Yet surprisingly, few businesses take the next step--turning complaints into sales opportunities. Everyone pays lip service to customer satisfaction, but not many people make a real commitment to act on it every day. If it isn't a priority for an organization, it won't even be on the radar screen for its employees. Most salespeople still think a customer problem is something to avoid. It gets in the way of selling, it's uncomfortable, it may be difficult to solve. Essentially, they see it as someone else's job. In this environment, only the rare salesperson will take time away from meeting his sales target to help customers with complaints.

In addition, many companies are not set up to respond to customer complaints. In complex organizations, we frequently find different sales support solutions implemented in different parts of the company, with no integration or processes in place to actually use the data in any meaningful way. Without integrated technology and process across your entire front office, customer complaints are merely collected.

Not by CRM Alone
Companies often don't make effective use of the customer data they collect. A CRM system can be the central database for sales information, contacts, marketing, prospects, direct mail capability and customer service. But then what?
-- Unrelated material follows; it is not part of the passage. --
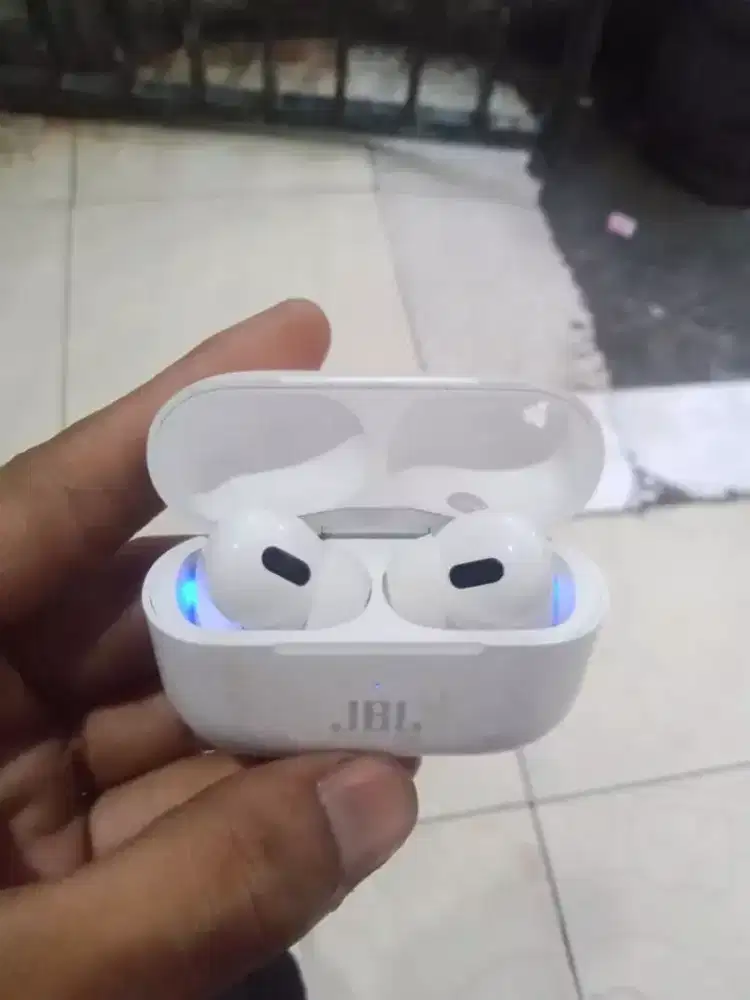 TWS JBL  SUARAA FULL BASS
Although CRM is an enabling technology with tremendous potential, it is not a silver bullet. If you have poor sales support processes, automating them just helps you do the wrong things faster. Employees won't change their behavior just because they have a new tool. If you don't have a commitment to dealing with customer complaints, all you're doing is collecting them, documenting them and building up a database. You know in real time that you're screwing up, but that doesn't get you any closer to a solution.

Technology is not the only component in a successful lemons-to-lemonade program. You need to develop your customer satisfaction philosophy, determine your integration processes and make technology a part of a fully integrated front-office system. With integrated technology and process, a sales rep calling on an existing account will have all the information--account contacts, opportunities, service calls, reported bugs--and an action plan for managing his client relationship to maximum advantage.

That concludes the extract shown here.